Anti-Natal Care: The Due Date Fallacy

More on Estimated Due Dates (EDD)

The “standard algorithm” to calculate gestational due date is called Naegele’s Rule. It was formulated in 1850.

Fast forward to 1990 for the first ever update to the due date calculation, following some studies showing that Caucasian women deliver most often a good 8 days after just about everybody else, and babies of first-time mothers almost always take an extra week over a multiparous woman’s gestation length. Now there’s a Mittendorf calculation, named after the guy who realized there’s a racial and experiential difference in gestation lengths.

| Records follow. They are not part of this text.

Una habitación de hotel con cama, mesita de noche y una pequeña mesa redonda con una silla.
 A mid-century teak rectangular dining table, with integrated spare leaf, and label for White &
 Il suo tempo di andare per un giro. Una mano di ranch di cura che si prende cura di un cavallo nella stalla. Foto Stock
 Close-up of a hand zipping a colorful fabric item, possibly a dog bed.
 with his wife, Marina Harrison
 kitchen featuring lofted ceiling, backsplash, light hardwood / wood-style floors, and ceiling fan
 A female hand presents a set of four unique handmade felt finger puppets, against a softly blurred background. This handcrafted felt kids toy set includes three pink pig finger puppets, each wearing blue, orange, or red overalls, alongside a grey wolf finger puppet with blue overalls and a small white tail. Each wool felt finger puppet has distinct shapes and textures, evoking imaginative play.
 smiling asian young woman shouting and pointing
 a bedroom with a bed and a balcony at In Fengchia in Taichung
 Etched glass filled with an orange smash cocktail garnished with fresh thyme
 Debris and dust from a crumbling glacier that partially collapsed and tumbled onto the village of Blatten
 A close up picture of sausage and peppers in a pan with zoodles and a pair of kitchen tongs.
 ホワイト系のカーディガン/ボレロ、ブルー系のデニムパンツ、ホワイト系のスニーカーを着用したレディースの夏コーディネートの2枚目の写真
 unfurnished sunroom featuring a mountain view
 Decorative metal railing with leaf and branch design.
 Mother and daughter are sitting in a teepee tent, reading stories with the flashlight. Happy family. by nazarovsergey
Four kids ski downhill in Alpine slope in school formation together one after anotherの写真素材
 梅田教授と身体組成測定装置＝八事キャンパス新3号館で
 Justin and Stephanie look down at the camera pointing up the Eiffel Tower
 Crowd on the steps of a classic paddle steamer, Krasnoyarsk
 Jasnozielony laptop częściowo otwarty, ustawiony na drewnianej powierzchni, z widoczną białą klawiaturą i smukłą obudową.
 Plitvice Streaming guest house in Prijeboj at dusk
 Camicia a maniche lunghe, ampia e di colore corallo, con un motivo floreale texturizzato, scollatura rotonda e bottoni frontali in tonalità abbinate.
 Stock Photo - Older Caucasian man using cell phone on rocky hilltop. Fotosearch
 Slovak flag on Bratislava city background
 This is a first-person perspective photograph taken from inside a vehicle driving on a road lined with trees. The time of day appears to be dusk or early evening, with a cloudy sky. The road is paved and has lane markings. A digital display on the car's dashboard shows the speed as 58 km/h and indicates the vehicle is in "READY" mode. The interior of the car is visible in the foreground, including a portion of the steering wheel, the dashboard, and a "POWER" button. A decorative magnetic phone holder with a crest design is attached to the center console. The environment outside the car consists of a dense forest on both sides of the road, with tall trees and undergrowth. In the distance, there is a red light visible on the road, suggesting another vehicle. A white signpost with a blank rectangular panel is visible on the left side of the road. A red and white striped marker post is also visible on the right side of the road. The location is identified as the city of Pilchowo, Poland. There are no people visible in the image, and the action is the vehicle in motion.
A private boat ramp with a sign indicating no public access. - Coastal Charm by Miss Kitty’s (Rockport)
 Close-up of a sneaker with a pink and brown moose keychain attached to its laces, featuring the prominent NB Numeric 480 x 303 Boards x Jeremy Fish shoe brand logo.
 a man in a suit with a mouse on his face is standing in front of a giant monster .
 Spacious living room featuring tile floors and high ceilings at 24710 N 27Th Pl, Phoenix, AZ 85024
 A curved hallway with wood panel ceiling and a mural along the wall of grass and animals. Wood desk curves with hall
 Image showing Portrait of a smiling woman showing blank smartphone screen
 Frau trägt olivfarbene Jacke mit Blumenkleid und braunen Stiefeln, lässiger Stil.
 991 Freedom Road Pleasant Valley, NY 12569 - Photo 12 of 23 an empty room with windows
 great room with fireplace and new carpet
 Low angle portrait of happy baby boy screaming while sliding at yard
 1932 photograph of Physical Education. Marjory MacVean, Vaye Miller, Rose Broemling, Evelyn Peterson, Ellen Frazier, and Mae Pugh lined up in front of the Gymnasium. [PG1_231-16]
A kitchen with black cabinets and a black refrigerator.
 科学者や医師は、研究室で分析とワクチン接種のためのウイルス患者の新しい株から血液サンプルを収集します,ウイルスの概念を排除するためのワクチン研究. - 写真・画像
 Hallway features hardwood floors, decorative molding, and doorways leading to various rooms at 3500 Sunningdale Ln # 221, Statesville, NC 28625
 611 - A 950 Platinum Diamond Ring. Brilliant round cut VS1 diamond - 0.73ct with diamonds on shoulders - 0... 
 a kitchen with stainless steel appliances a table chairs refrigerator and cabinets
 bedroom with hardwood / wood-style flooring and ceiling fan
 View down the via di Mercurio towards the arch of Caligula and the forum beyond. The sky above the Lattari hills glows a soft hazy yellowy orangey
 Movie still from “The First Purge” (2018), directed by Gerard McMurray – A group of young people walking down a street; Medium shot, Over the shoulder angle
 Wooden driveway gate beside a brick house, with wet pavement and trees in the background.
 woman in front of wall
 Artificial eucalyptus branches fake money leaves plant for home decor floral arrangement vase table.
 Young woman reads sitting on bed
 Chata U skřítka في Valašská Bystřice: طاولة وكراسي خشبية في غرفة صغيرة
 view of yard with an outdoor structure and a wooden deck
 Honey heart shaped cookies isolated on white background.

(What that means for me: if you’re white and it’s your first kid, you take your EDD from Naegele’s Rule and add 8 days. Brilliant.)

There’s more to it than that, actually; there’s a software model that can be used to take 16 of factors into account like smoking, maternal age, and even college education, to reach a gestational prediction that’s twice as accurate as Naegele’s Rule.

But even with all the tech-mology we’re throwing at this, women still only have roughly a 29-37% chance of delivering in the 40th week! And the Mittendorf study actually shows the average length of human gestation is 41 weeks + 1 day.

I understand there are statistically more risks in carrying babies longer than 42 weeks. The placenta has an expiration date, and the baby’s going to have his first poop at some point and you don’t want him to do it inside the womb. These are aspects of what’s known as “post-maturity syndrome”.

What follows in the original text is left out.